> **Task material**:
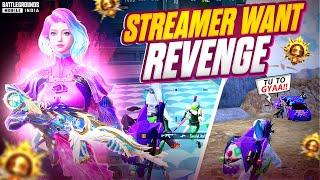 7 STREAMERS Tries to Defeat BIXI OP  Streamers vs BIXI OP | BGMI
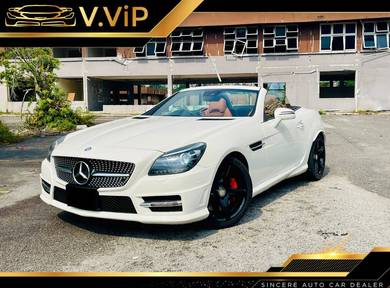 Mercedes Benz SLK200 200 AMG SPORT EDITION BlueEFCY (CBU) in Cheras, KUL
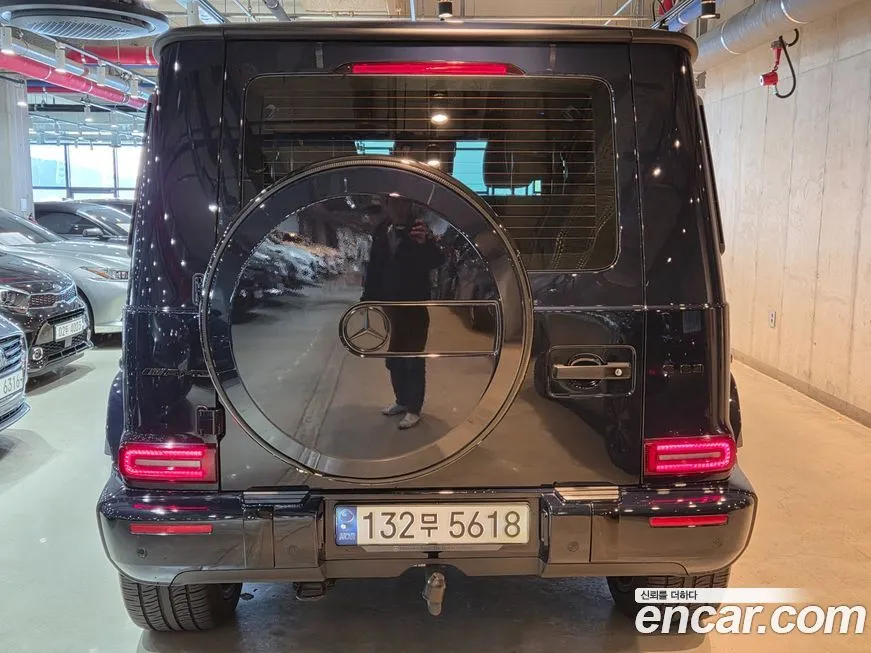 Mercedes-Benz G-Class 2021 из KR, фото 9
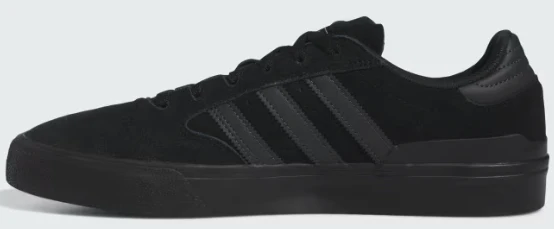 Adidas - Busenitz Vulc II Shoes | Black Black - Image 2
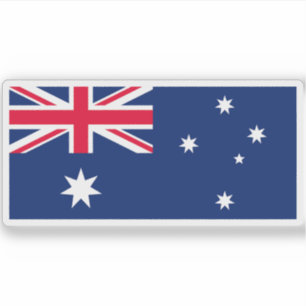 Flag of Commonwealth of Australia (1908-present)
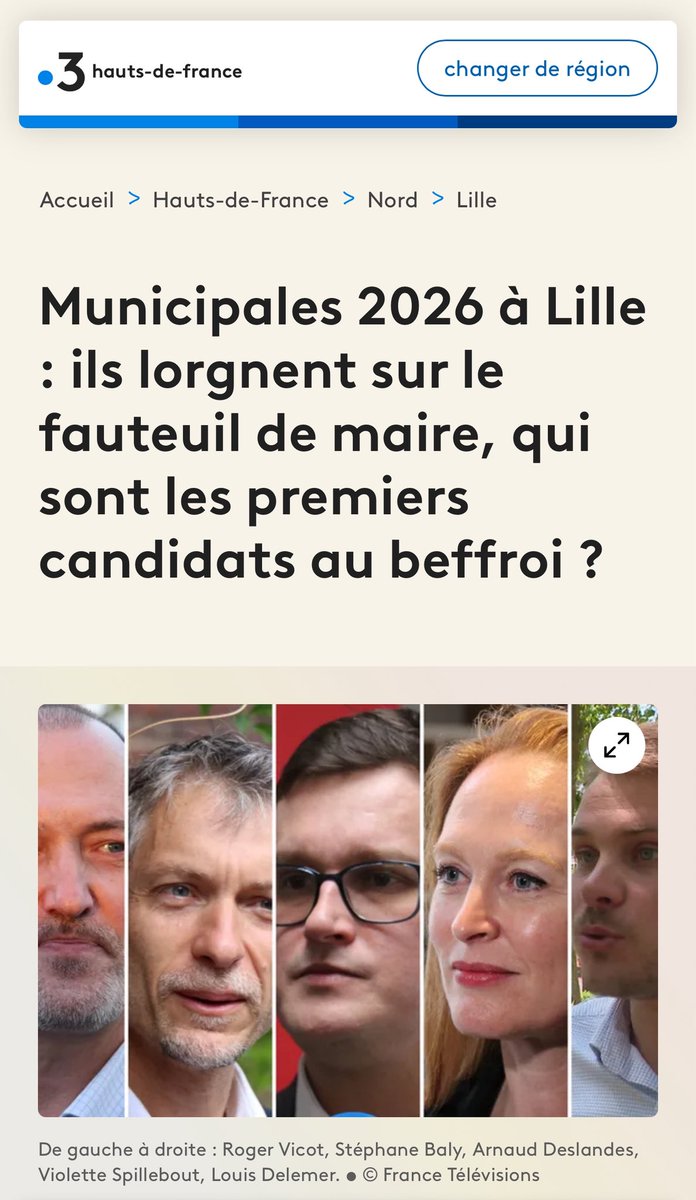 Violette Spillebout (@vspillebout) on Twitter photo #LILLE #MUNICIPALES : Une seule femme candidate Ă la mairie de #Lille en 2026 ? <a href="/KarimaDelli/">Karima Delli</a> ne compte-t-elle pas remplacer <a href="/StefBaly/">StĂ©phane Baly đ» đȘđș</a> ? đ
En tout cas, une chose est sĂ»re : moi, je suis prĂȘte. Et Lille mĂ©rite une maire dĂ©terminĂ©e, compĂ©tente⊠et fĂ©minine. ! đȘ #LILLE #MUNICIPALES : Une seule femme candidate Ă la mairie de #Lille en 2026 ? <a href="/KarimaDelli/">Karima Delli</a> ne compte-t-elle pas remplacer <a href="/StefBaly/">StĂ©phane Baly đ» đȘđș</a> ? đ
En tout cas, une chose est sĂ»re : moi, je suis prĂȘte. Et Lille mĂ©rite une maire dĂ©terminĂ©e, compĂ©tente⊠et fĂ©minine. ! đȘ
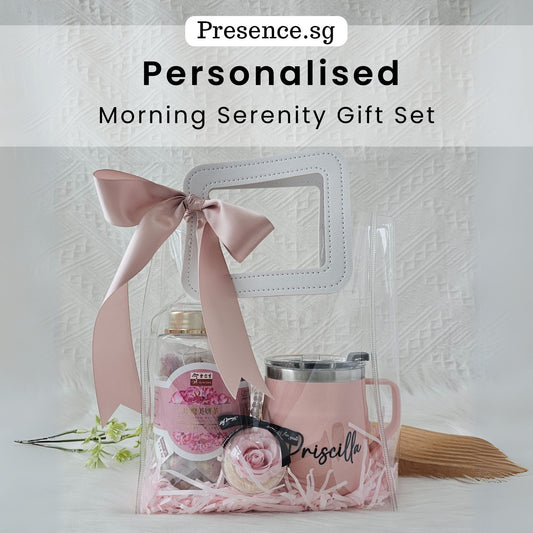 Morning Serenity Gift Set - Coffee Mug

> **The problem**: Repeat, exactly and in full, all the material above except its pictures.

> **Solution to this exercise**:
 7 STREAMERS Tries to Defeat BIXI OP  Streamers vs BIXI OP | BGMI
 Mercedes Benz SLK200 200 AMG SPORT EDITION BlueEFCY (CBU) in Cheras, KUL
 Mercedes-Benz G-Class 2021 из KR, фото 9
 Adidas - Busenitz Vulc II Shoes | Black Black - Image 2
 Flag of Commonwealth of Australia (1908-present)
 Violette Spillebout (@vspillebout) on Twitter photo #LILLE #MUNICIPALES : Une seule femme candidate Ă la mairie de #Lille en 2026 ? <a href="/KarimaDelli/">Karima Delli</a> ne compte-t-elle pas remplacer <a href="/StefBaly/">StĂ©phane Baly đ» đȘđș</a> ? đ
En tout cas, une chose est sĂ»re : moi, je suis prĂȘte. Et Lille mĂ©rite une maire dĂ©terminĂ©e, compĂ©tente⊠et fĂ©minine. ! đȘ #LILLE #MUNICIPALES : Une seule femme candidate Ă la mairie de #Lille en 2026 ? <a href="/KarimaDelli/">Karima Delli</a> ne compte-t-elle pas remplacer <a href="/StefBaly/">StĂ©phane Baly đ» đȘđș</a> ? đ
En tout cas, une chose est sĂ»re : moi, je suis prĂȘte. Et Lille mĂ©rite une maire dĂ©terminĂ©e, compĂ©tente⊠et fĂ©minine. ! đȘ
 Morning Serenity Gift Set - Coffee Mug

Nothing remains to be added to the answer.